Because of the continuing spike in oil prices, and its effect on jet fuel costs, we are discontinuing service in markets as part of an ongoing strategy to manage those costs. Select flights and markets that cannot be profitable in light of the increase in fuel prices are being canceled.

By May 1, we will discontinue service in four markets operated by Delta Connection carriers. From Salt Lake City, we will discontinue service to Bellingham, Wash., and Fargo, N.D., both operated by SkyWest Airlines.
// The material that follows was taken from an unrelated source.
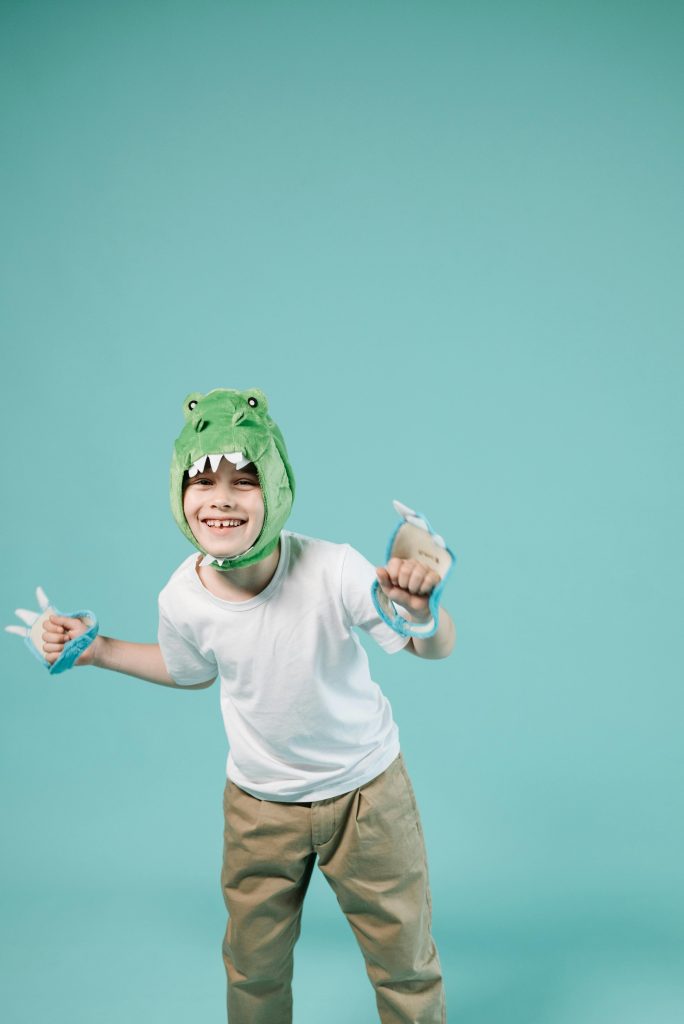 A young boy is seen dressing up as a crocodile, possibly cause it's his favorite animal. This alone is just one of the many benefits that come with Storytelling and Drama Activities with children.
From Atlanta, we’ll stop service to Atlantic City, N.J., and Islip/Long Island, N.Y., both operated by Atlantic Southeast Airlines.

“As a result of the 70% to 80% increase in fuel prices experienced over the last year, we continue to fight rising fuel prices through capacity reductions in the U.S. and by shifting more aircraft to international routes,” said Joe Esposito, managing director-Schedule Planning. “During 2008, we are trimming domestic schedules in select domestic markets at off-peak times and reducing the number of regional jets in our fleet, while at the same time growing our international capacity.” Other domestic regional jet markets that have been canceled previously as a direct result of increased fuel prices include Corpus Christi and McAllen, Texas, and Tupelo, Miss.

Because of our cost effective and flexible fleet, there is a possibility for further domestic reductions as necessary, Joe said. “We will continue to review market conditions to ensure we are most effectively responding to these persistently high fuel prices,” he said.